A top court has sentenced an Indian-origin drug dealer to a 10-year jail term for shooting an addict for not paying his drug dues.

VANCOUVER: A top court here has sentenced an Indian-origin drug dealer to a 10-year jail term for shooting an addict for not paying his drug dues.

The British Columbia provincial supreme court here handed down the sentence to 22-year-old Jaspal Singh Thiara on Thursday for shooting and seriously injuring a man identified as "Mr. Hall" three years ago for failing to recover his drug dues.

Delivering the verdict, the court said Thiara went with a weapon to meet his victim in a crack house in Surrey near here in December 2005.

His aim, the court said, was to shoot "Mr. Hall" and scare others who owed him drug money.

Shooting Hall twice, Thiara pressed his weapon to his victim's head even as he pleaded for mercy, the verdict said. The court said that though Thiara's victim survived, he suffered grievous physical and emotional scars.

Thiara's crime, the court said, was premeditated. "The jury was satisfied that Mr. Thiara intended to kill Mr. Hall. It is only luck that saved Mr. Hall, and saves Mr. Thiara from a life sentence," the verdict read.

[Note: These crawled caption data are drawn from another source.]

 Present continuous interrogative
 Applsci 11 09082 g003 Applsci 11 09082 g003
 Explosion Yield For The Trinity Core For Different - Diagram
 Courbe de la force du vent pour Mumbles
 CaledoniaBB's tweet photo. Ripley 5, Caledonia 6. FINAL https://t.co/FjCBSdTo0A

Considering his young age and remorse for the crime, the court said it was sentencing him to only 10 years in jail to offer him a chance to rehabilitate himself later.

Like many other young Indian-Canadian men, Thiara too took to the drug trade in his early teens. He reportedly built a big client base and made up to $3,000 a day before the crime.

The drug trade has often led to bloody gang wars between rivals here.

Since the mid-1990s, more than young 100 Indian-Canadian men have been killed in these turf wars in the Vancouver area.